Lo dijeron. Estoy seguro que lo dijeron. Fue cuando estaban paseando por el fondo del jardín. Dijeron que venían mañana. Todos lo oyeron y todos estuvieron conformes con el veredicto aunque bien es verdad que pocos, o ninguno, entendió lo que querían decir.

Estuvieron cuatro horas deliberando. O un poco más, según algunos. La mayoría de los concurrentes pensaron que para ese viaje no hacían falta tantas alforjas. Pero no se atrevieron a abrir la boca, no fuera que alguien se enfadara o interpretara mal sus palabras. Últimamente los ánimos estaban bastante caldeados y había que andar con mucho tino para no molestar a alguien. Los vecinos, con las nuevas leyes, estaban muy susceptibles y rápidamente se sentían aludidos y, lo que era peor, insultados. Y por eso defendían sus nuevos derechos. Todo eran derechos ahora. Cada uno se había afiliado a algún grupo, partido, sindicato, agrupación o similar. Cosas tan variadas como los “amigos de la sevillana en el sur de Palencia” o “el camino de Santiago visto por los egipcios”. Como miembros de esos grupos u otros parecidos y basándose en unos derechos que nadie les concedió, reclaman ahora el poder decir las bobadas que se les ocurran porque se supone que todos los tontos pueden opinar, y lo que es peor, tener razón.

Lo que es seguro es que dijeron que venían mañana. Pero eran ya las siete de la tarde y nadie había aparecido todavía. Los señores jueces, sesudos varones, debían tener mucho que hacer. O quizás es que tenían mucho que pensar y mucho que deliberar. Para el resto de los concurrentes, el caso estaba bastante claro: era el gato el que había comido las sardinas. El plato con las cuatro sardinas estaba en el suelo (otra cosa era quién lo había dejado allí, pero esa no era la cuestión que se estaba juzgando ahora), el gato estaba solo en la habitación, la puerta cerrada por fuera y las sardinas habían desaparecido. Y el gato seguía relamiéndose.
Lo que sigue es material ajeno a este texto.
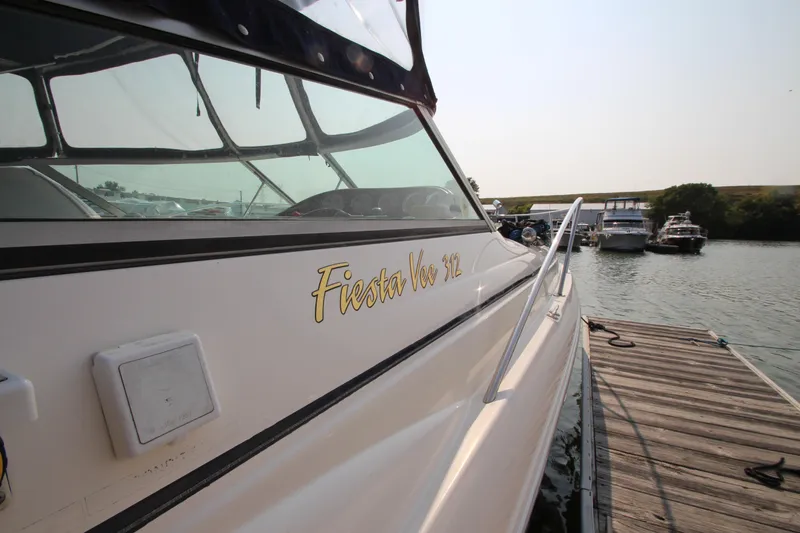 Slide: The Image of 2005 Rinker 312 Fiesta Vee boat docked at a marina. - 6
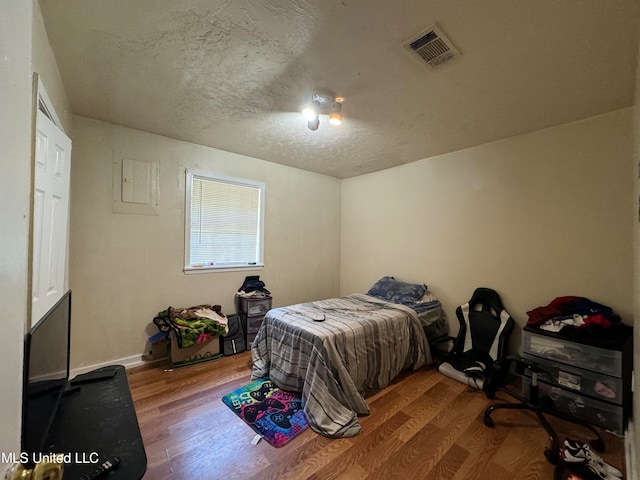 bedroom featuring hardwood / wood-style flooring and a textured ceiling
Los jueces habían aplazado su veredicto, porque era necesario, dijeron, escuchar a todas las partes implicadas. A saber: La señora que había comprado las sardinas, el dueño de la pescadería, el dependiente que despachó a la señora, la vecina con la que se paró en la calle y con la que discutió sobre la boda de la semana, el dueño de la casa, la niña (su representante legal o tutor acreditado) con la que el gato solía jugar, la madre y la maestra de la niña por si ponían algún reparo sobre el estado mental de la niña, la dueña del gato que habló sobre los gustos culinarios del animal, la vecina de al lado a la que en una ocasión el gato le había comido medio lenguado, y un largo etcétera que los propios jueces y los abogados de ambas partes hicieron interminable.

En un proceso, con sus idas y venidas, que duró sus buenos tres años y medio, todo el mundo pudo hablar a excepción de una viuda que murió justo antes de que le tocara hablar. Los abogados de todas las asociaciones reclamaron su derecho a poder defender a sus representados. Y, así, habló un representante de los pescaderos defendiendo el buen estado de las sardinas, también hizo su discurso el presidente de la protectora de gatos estatal que vino a defender el derecho del gato a irse a las sardinas porque su naturaleza así se lo requería y no se podía hacer culpable a un gato por actuar de acuerdo con sus instintos. Por el contrario, el abogado defensor de las sardinas adujo el derecho de las sardinas a ser enterradas en el cementerio que a tal efecto el municipio había inaugurado. Desde hacía ya varios años, todos los pueblos y ciudades tenían, por ley acordada en el parlamento, un lugar reservado para los enterramientos de cada especie.

Cada cual, hasta un total de cuatrocientos cincuenta y dos, expuso sus razones, acertadas o no, y el juicio se fue prolongando y haciendo que se relegasen y aplazaran otros juicios más importantes.

Varias huelgas, pidiendo aumento de sueldo y más días de vacaciones, de los jueces, de los letrados y de los funcionarios correspondientes, contribuyeron también a la tardanza de aquel juicio.

Por fin, afortunadamente para todos, había quedado visto para sentencia. Solo faltaba el veredicto final de los cuatro jueces que fueron asignados al caso para que estuvieran representadas las cuatro opiniones mayoritarias de la política nacional.

Los jueces habían marchado pero dijeron que venían mañana. Y el mañana llegó y no acababan de llegar. Un señor con traje azul marino y una vieja cartera de cuero se presentó en medio de la plaza y dijo que traía una notificación para el alcalde. Vino, entregó la carta y marchó.

La carta, llena de membretes y firmas, venía a decir que la sentencia definitiva les sería comunicada en plazo no inferior a dos años contados a partir de la fecha de la presente.